Source data -
== Segment start ==

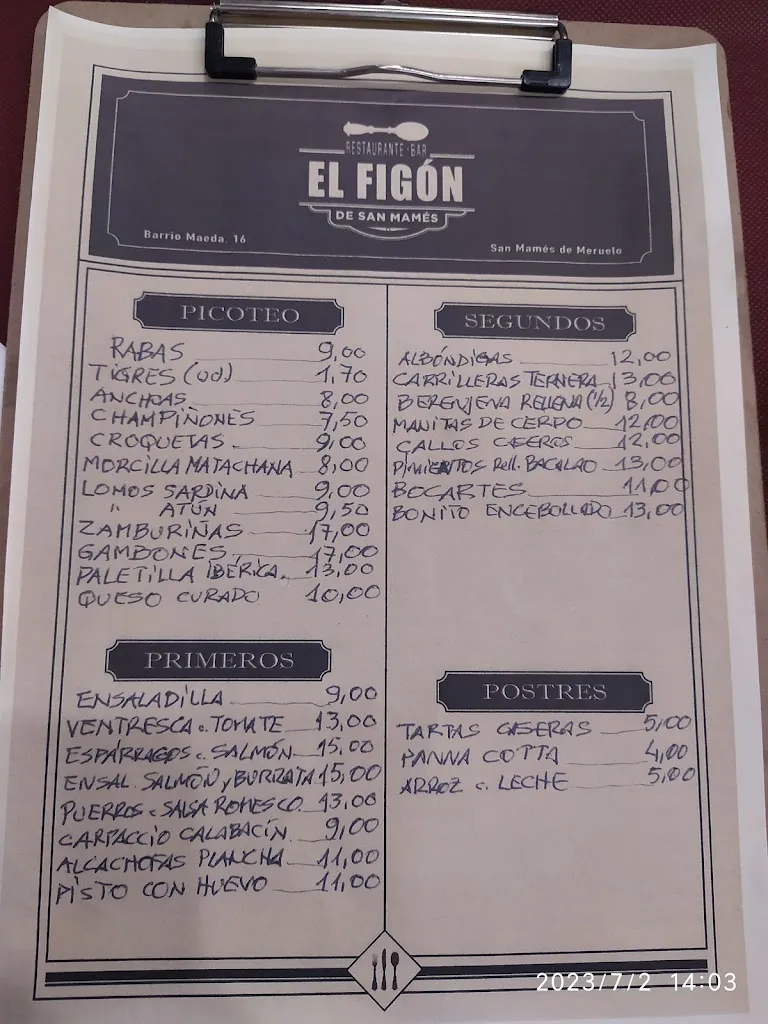 Menu_El Figón de San Mamés_San Miguel de Meruelo_immagine_1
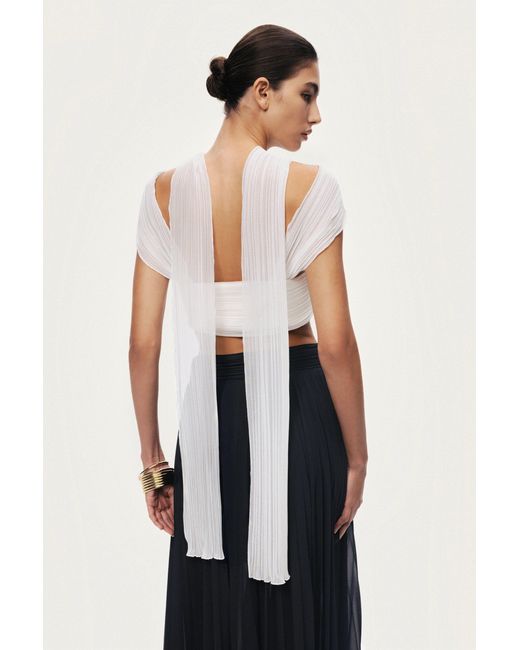 Nocturne White Strapless Draped Bustier Top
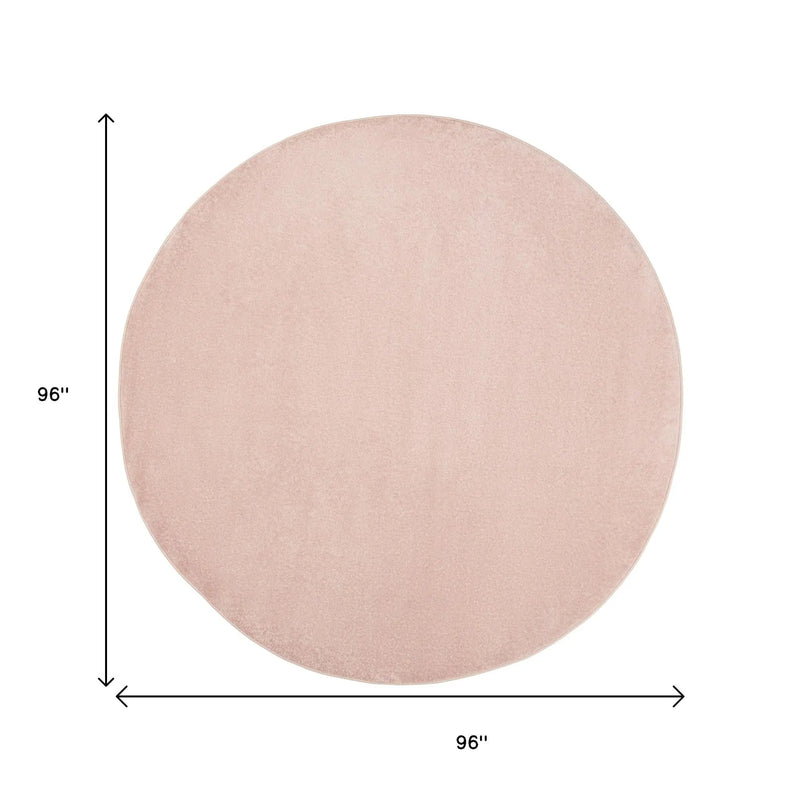 8' X 8' Pink Round Indoor Outdoor Area Rug - GreatEagleInc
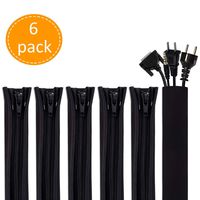 6PCS Neoprene Zip Up Cable Sleeves Cord Organizer Wire Cover with Zipper, Cable Wrap, Cord Sleeves for TV, Computer, Office, Home Entertainment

== Segment end ==

Each line from the one containing "8' X 8' Pink" to the final line of the data must be printed exactly, both included, with nothing else and no pictures.

Response area -
 8' X 8' Pink Round Indoor Outdoor Area Rug - GreatEagleInc
 6PCS Neoprene Zip Up Cable Sleeves Cord Organizer Wire Cover with Zipper, Cable Wrap, Cord Sleeves for TV, Computer, Office, Home Entertainment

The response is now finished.